**Problem to solve:** Repeat exactly every line that comes at or after the line containing "Women's Softball V-Neck", through the end of the entries below.

**Raw data:**
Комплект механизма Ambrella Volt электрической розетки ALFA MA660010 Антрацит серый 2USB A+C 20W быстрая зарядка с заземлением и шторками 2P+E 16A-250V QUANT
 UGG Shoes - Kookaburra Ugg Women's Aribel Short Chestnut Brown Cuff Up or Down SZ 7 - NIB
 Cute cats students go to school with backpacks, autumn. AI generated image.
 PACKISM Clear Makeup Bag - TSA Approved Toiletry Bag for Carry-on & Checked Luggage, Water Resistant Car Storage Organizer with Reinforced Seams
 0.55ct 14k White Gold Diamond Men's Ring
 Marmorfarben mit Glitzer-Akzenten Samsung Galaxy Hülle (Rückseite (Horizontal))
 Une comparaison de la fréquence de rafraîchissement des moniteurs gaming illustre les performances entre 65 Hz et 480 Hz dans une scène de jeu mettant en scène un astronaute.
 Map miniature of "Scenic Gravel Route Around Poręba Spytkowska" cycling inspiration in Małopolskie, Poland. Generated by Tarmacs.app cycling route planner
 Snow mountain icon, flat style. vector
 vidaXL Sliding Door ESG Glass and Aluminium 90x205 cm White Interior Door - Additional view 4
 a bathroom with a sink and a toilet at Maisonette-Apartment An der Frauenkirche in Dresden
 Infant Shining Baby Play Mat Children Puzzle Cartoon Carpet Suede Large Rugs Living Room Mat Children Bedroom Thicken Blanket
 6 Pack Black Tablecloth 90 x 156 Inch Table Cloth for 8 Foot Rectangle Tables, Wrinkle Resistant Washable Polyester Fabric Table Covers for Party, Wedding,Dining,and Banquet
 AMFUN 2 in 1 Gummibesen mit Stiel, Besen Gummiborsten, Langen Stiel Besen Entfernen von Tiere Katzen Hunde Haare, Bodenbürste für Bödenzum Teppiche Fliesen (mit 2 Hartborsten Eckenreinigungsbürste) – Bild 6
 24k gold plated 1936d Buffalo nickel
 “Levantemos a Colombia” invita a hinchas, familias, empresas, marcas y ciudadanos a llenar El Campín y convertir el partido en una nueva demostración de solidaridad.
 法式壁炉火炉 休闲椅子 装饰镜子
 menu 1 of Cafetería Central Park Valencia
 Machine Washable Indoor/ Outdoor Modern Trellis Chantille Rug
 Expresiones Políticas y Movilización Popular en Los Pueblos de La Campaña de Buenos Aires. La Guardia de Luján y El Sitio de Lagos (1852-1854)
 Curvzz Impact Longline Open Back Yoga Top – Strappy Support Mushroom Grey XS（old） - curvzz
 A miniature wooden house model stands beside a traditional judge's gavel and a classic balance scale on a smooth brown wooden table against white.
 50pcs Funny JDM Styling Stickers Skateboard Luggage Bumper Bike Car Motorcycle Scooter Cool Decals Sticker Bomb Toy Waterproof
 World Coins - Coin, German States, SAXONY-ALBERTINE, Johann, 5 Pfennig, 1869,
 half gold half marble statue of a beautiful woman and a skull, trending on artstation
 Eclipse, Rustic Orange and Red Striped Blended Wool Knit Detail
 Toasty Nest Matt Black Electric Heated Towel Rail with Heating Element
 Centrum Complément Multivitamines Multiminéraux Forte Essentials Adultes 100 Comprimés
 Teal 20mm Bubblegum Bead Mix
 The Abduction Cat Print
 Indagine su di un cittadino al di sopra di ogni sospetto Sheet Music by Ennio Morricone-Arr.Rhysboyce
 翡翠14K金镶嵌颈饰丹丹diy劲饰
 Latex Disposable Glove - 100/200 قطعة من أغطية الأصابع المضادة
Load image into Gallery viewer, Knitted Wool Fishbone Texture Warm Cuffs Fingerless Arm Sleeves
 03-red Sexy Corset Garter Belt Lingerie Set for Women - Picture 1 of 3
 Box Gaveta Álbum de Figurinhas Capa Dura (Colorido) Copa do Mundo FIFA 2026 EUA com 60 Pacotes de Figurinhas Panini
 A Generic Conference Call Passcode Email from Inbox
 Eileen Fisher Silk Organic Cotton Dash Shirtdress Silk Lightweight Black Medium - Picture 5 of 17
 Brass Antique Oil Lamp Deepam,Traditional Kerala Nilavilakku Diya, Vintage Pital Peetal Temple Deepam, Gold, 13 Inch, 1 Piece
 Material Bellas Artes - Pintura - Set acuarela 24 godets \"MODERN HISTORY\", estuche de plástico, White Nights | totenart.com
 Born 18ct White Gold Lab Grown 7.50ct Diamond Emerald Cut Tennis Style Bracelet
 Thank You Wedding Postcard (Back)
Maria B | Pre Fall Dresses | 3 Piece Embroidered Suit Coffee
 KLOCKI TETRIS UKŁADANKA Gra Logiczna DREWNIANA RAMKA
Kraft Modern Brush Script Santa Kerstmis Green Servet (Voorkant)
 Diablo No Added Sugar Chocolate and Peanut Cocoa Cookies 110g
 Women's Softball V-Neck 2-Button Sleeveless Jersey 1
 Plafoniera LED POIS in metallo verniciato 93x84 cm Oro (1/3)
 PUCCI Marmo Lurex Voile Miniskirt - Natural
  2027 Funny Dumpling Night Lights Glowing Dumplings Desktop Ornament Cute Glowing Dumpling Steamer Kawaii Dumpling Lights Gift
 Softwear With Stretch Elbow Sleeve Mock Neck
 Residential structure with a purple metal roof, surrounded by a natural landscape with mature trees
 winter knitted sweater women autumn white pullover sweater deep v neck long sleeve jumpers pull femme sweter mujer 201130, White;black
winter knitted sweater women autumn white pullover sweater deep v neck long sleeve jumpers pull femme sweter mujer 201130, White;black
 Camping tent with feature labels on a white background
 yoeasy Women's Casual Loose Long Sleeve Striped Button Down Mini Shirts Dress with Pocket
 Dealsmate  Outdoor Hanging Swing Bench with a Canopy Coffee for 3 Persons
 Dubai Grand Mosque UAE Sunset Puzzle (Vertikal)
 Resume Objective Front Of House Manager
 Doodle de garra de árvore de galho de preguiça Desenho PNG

**Expected answer:**
 Women's Softball V-Neck 2-Button Sleeveless Jersey 1
 Plafoniera LED POIS in metallo verniciato 93x84 cm Oro (1/3)
 PUCCI Marmo Lurex Voile Miniskirt - Natural
  2027 Funny Dumpling Night Lights Glowing Dumplings Desktop Ornament Cute Glowing Dumpling Steamer Kawaii Dumpling Lights Gift
 Softwear With Stretch Elbow Sleeve Mock Neck
 Residential structure with a purple metal roof, surrounded by a natural landscape with mature trees
 winter knitted sweater women autumn white pullover sweater deep v neck long sleeve jumpers pull femme sweter mujer 201130, White;black
winter knitted sweater women autumn white pullover sweater deep v neck long sleeve jumpers pull femme sweter mujer 201130, White;black
 Camping tent with feature labels on a white background
 yoeasy Women's Casual Loose Long Sleeve Striped Button Down Mini Shirts Dress with Pocket
 Dealsmate  Outdoor Hanging Swing Bench with a Canopy Coffee for 3 Persons
 Dubai Grand Mosque UAE Sunset Puzzle (Vertikal)
 Resume Objective Front Of House Manager
 Doodle de garra de árvore de galho de preguiça Desenho PNG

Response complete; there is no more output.